Il capitalismo si è trasformato in un sistema mondiale di oppressione coloniale e di iugulamento finanziario della schiacciante maggioranza della popolazione del mondo da parte di un pugno di paesi “progrediti”.

Lenin, L’imperialismo, prefazione alle edizioni francese e tedesca, 1920

 

Imperialismo. Una parola che di recente è tornata a risuonare tra le righe della stampa borghese, forse a seguito degli avvenimenti bellici che scuotono dalle fondamenta la baldanzosa certezza dei mercati, o più semplicemente in un tentativo di riappropriazione culturale, linguistica, che permetta di spiegare la profondità della crisi che è propria dei nostri tempi.

Imperialismo. Per avere un’idea della centralità di questa parola nel bagaglio politico di un marxista, vi basterebbe dare un’occhiata alle copie del testo di Lenin studiate negli anni dai compagni di questo collettivo: logore, fitte di sottolineature e appunti, testimoni di un approccio alla materia in costante maturazione, ricorrente, necessario. Siamo sicuri che anche l’edizione che campeggia nella vostra libreria, se ne possedete una, abbia lo stesso aspetto vissuto.

L’Imperialismo – fase suprema del capitalismo di Lenin. Quei caratteri fondamentali della vita economica e politica delle maggiori potenze capitaliste del mondo, tratteggiati più di 100 anni fa, sono ancora oggi perfettamente validi. Lenin scrive questo testo in piena Prima guerra mondiale, mentre il mondo è attraversato da feroci lacerazioni, così come lo è il movimento operaio. L’autore ritiene che questa analisi sia fondamentale per comprendere la situazione politica e lo scoppio della guerra stessa, la crisi verticale sia del capitalismo, sia della socialdemocrazia e del movimento operaio. E non ci troviamo, ancora oggi, di fronte a guerre, recessioni sempre più profonde, crisi dei mercati finanziari, peggioramento delle condizioni di vita dei lavoratori di tutto il mondo e, in molti casi, arretramento su posizioni sempre più difensive, sempre meno combattive, delle organizzazioni della classe? Se pensate, come noi, che la risposta sia sì, vi invitiamo a rispolverare – o scoprire per la prima volta – quel che Lenin ha da dirci in proposito, e lo facciamo indirizzandovi senza dubbio al testo originale, ma anche fornendovi questo breve spaccato introduttivo, che possa essere di aiuto nell’orientamento di un testo tanto fitto quanto imprescindibile.

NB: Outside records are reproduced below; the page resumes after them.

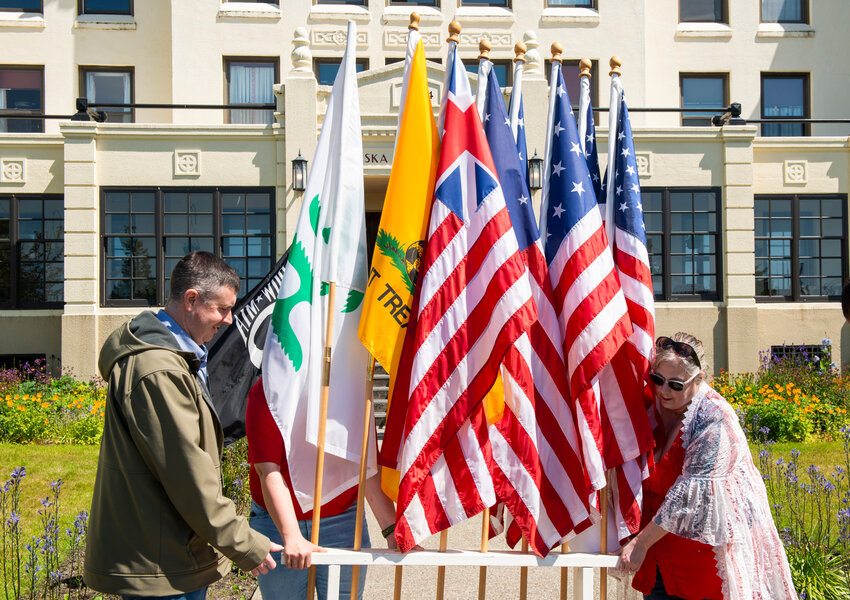 Sitka Elks Club Exalted Ruler John Leach, left, and Chaplain Mindy Lowrence, who is also the president of the Sitka Emblem Club, set out flags in front of the Pioneers Home Saturday afternoon in preparation for a Flag Day ceremony. The annual June 14 celebration honors the history of the American flag. It is also an opportunity for people to properly disposed of their worn-out flags. A parade with the club's giant garrison flag was cancelled in order to avoid being perceived as a political statement.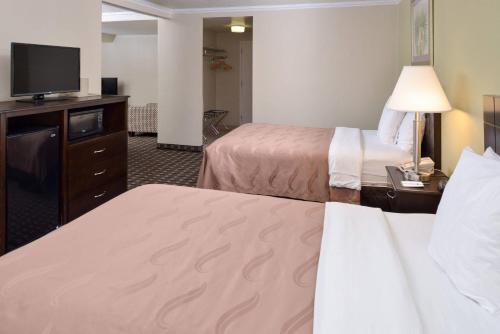 a hotel room with two beds and a flat screen tv at Quality Inn & Suites Montebello - Los Angeles in Montebello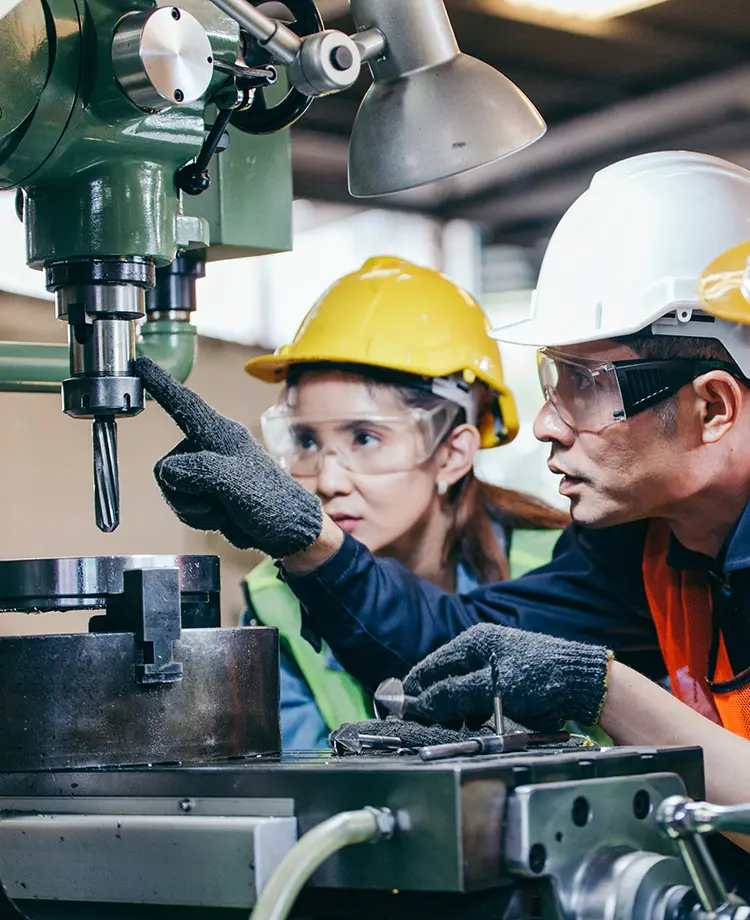 And instructor and student in hard hats and safety goggles inspect a drill press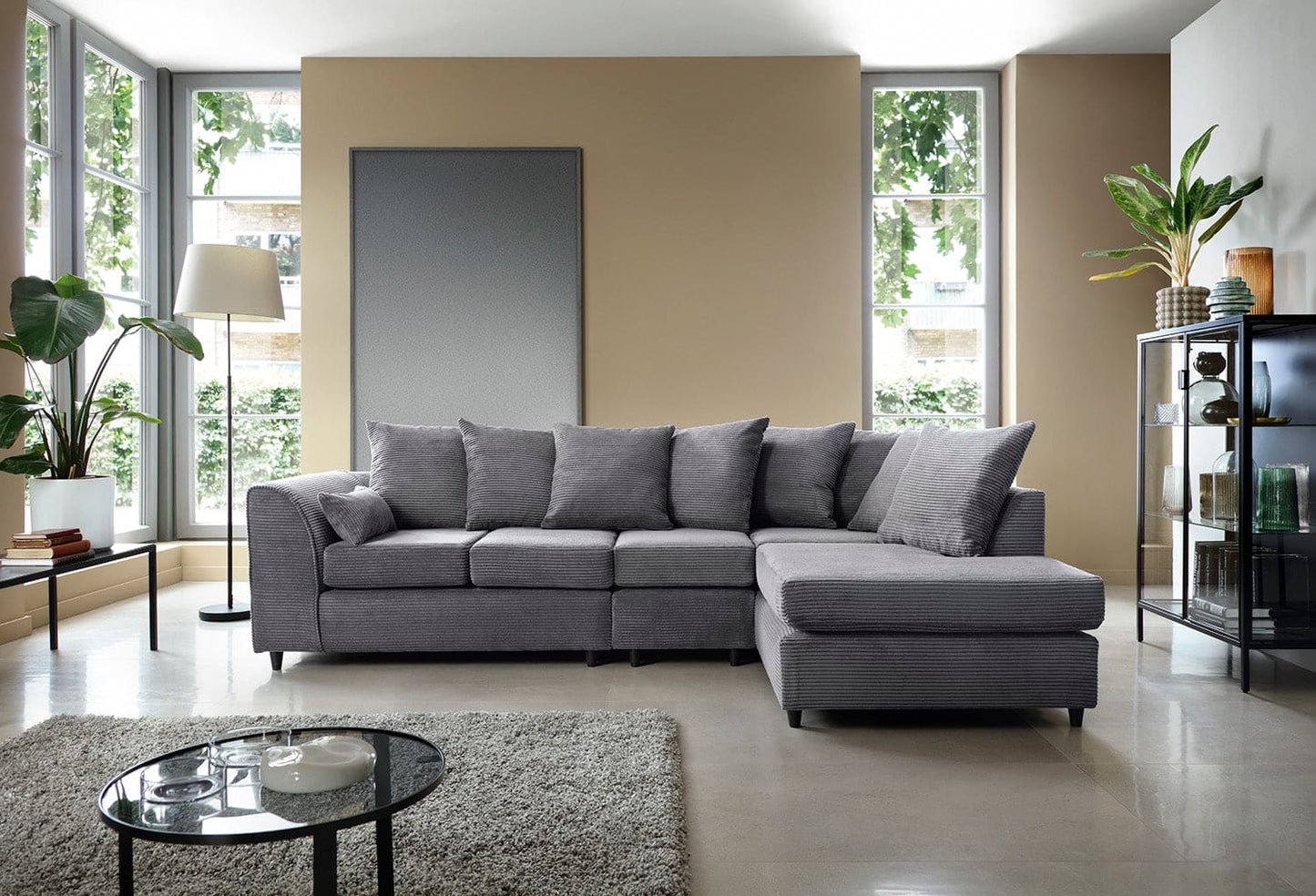 Gray sectional sofa in a modern living room with large windows and decor.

Buona lettura a tutti voi.

 

Una visione lucidamente critica

Chi Legge Lenin conosce il suo linguaggio sferzante, la sua attitudine alla polemica più aspra. Eppure, quest’ultima non viene mai per caso, nemmeno all’interno di un testo che dovette superare diversi livelli di censura borghese. Nell’Imperialismo, troverete un Lenin che si scaglia principalmente contro la II Internazionale, Kautsky e il socialriformismo borghese. Vediamo insieme perché.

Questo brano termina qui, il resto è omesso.